## Task prompt
From start to end, write out the following data exactly, apart from its images.

## The data
□ □ □ □
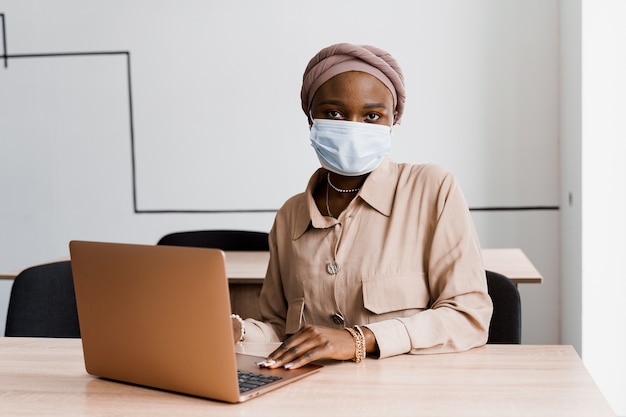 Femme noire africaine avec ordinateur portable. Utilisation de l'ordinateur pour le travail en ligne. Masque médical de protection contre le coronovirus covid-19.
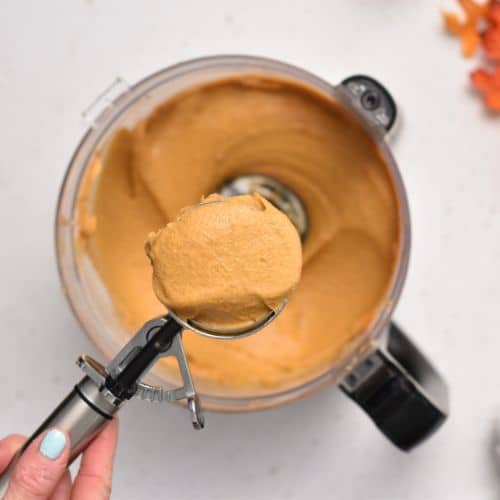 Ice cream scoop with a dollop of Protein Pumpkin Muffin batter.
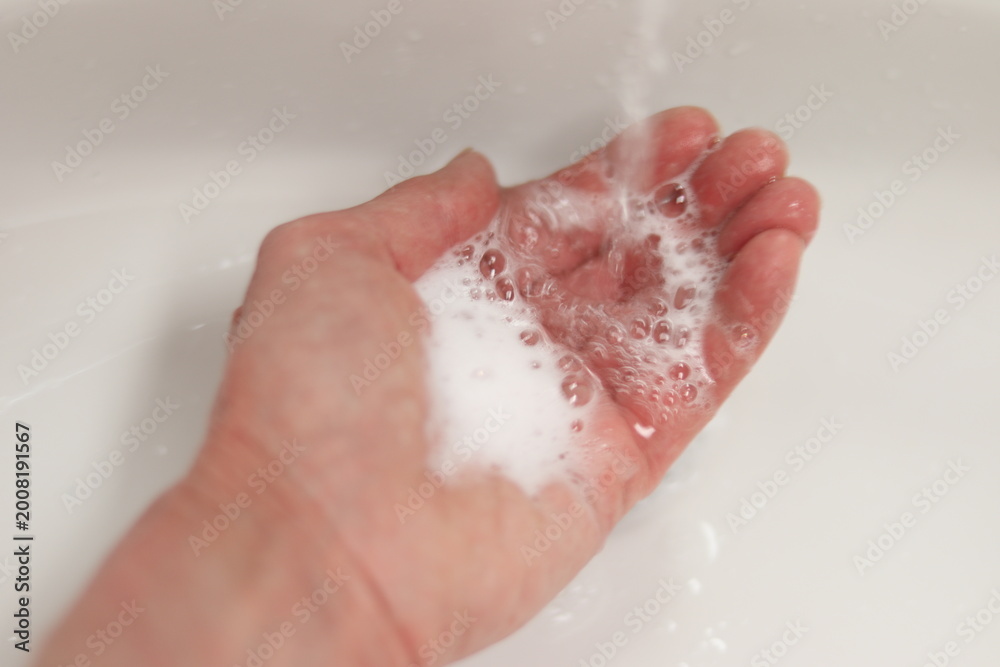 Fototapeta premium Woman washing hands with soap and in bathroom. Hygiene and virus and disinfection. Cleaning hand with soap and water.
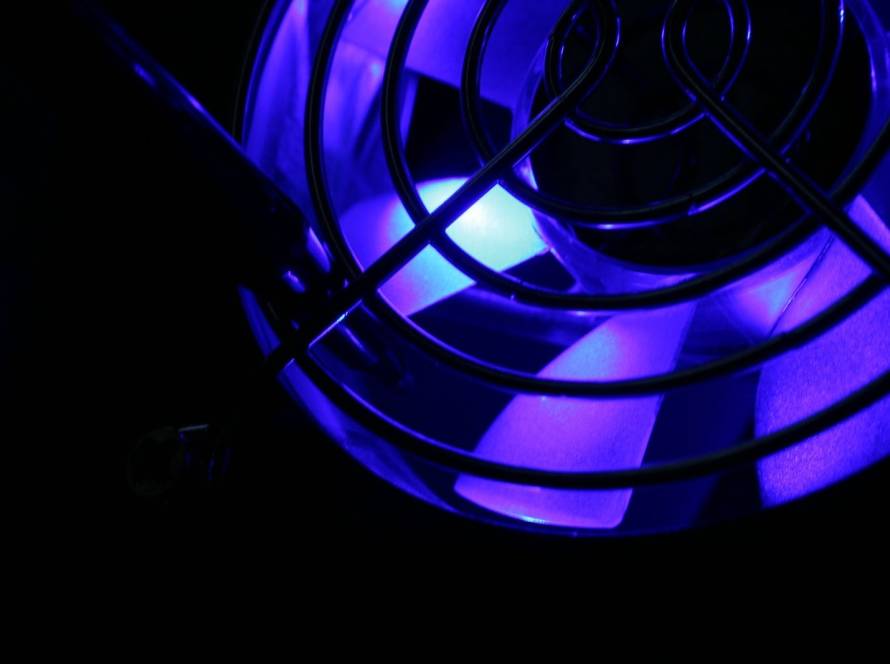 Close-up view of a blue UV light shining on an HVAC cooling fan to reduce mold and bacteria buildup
□ □ □ □
## Task response
 Femme noire africaine avec ordinateur portable. Utilisation de l'ordinateur pour le travail en ligne. Masque médical de protection contre le coronovirus covid-19.
 Ice cream scoop with a dollop of Protein Pumpkin Muffin batter.
 Fototapeta premium Woman washing hands with soap and in bathroom. Hygiene and virus and disinfection. Cleaning hand with soap and water.
 Close-up view of a blue UV light shining on an HVAC cooling fan to reduce mold and bacteria buildup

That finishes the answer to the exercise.